You can write data out of s-Server to a file in Hadoop/HDFS or Azure/ADLS from a stream or table. The Hadoop ECDA adapter automatically uploads a file to a designated Hadoop file system location designated by the HDFS_OUTPUT_DIR property. s-Server implements an HDFS client to connect to an HDFS server.

s-Server formats files for HDFS according to the same principles as it does for writing to the file system. See Writing to the File System for more details. You can specify how files rotate according to time, size, or both, and you can specify how rotated files are named.

To write from local locations, you configure and launch the adapter in SQL, using either server or foreign stream/table options. See Writing to HDFS Using SQL below.
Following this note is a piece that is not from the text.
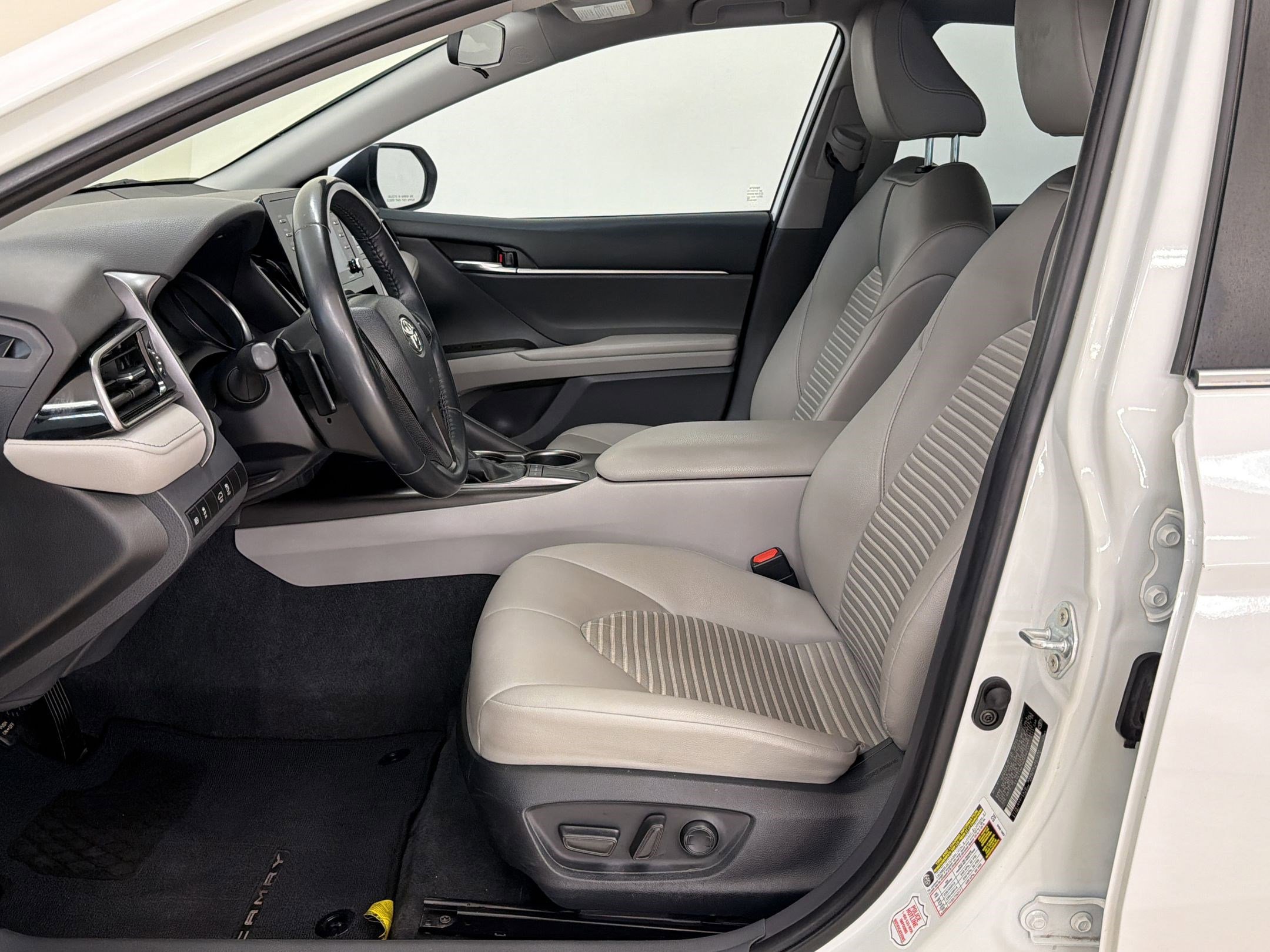 Used 2022 Toyota Camry SE FWD image 5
To write from remote locations, you configure such options using a properties file and launch the agent at the command line. See Writing to HDFS Using the ECD Agent below.

Files can be formatted as CSV, Avro, XML, JSON, or BSON. These files do not require further formatting in order to be integrated with Hadoop/ADLS. (Once in the Hadoop file system, these files will be accessed by second-level systems such as Hive. See https://cwiki.apache.org/confluence/display/Hive/Home for more details on Hive.)

For ADLS, support is only for ADLS Gen2 - sending data to the ADLS Gen2 location designated by the HDFS_OUTPUT_DIR property using this pattern: abfs://<container_name>@<account_name>/path/to/destination .

This topic includes the following sections:

Writing to HDFS Using SQL

For adapters, you configure and launch the adapter in SQL, using either server or foreign stream/table options. For more information on creating foreign streams, see the topic CREATE FOREIGN STREAM in the Streaming SQL Reference Guide.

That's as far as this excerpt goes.